EXTRACTED RECORDS
Segment Open

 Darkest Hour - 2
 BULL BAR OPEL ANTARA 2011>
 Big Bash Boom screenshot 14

Segment Closed
Segment Open

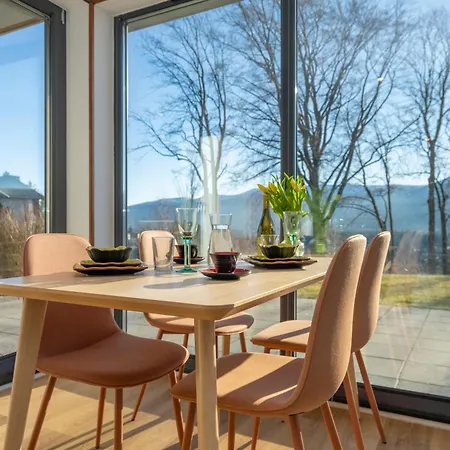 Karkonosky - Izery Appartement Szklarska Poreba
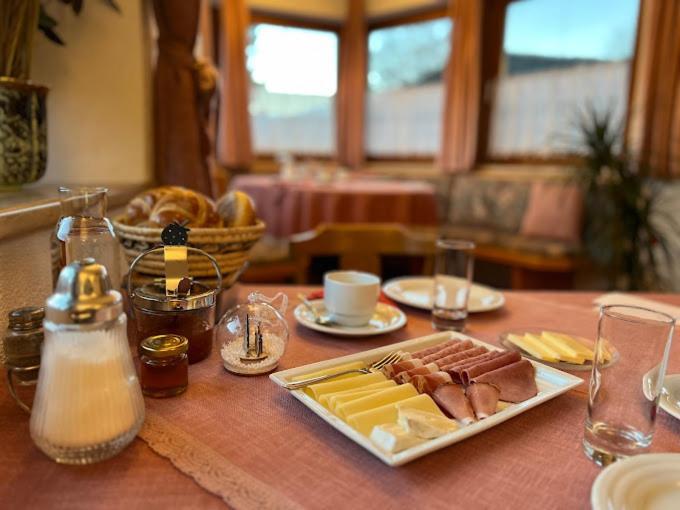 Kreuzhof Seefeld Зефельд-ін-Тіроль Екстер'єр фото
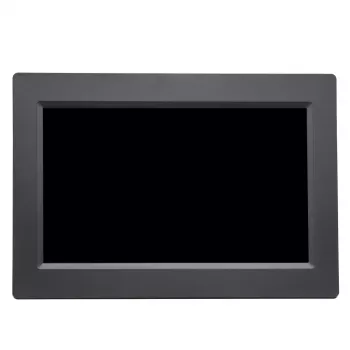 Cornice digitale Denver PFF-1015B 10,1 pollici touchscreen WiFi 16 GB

Segment Closed
Segment Open

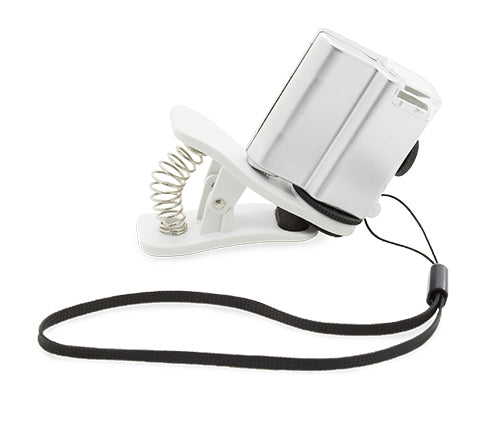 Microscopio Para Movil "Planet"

Segment Closed

PROBLEM DETAILS
Beginning with the line above that contains "BULL BAR OPEL ANTARA 2011>", copy each line exactly up to and including the line that contains "Big Bash Boom screenshot 14", and go no further.

SOLUTION FOR THIS PROBLEM
 BULL BAR OPEL ANTARA 2011>
 Big Bash Boom screenshot 14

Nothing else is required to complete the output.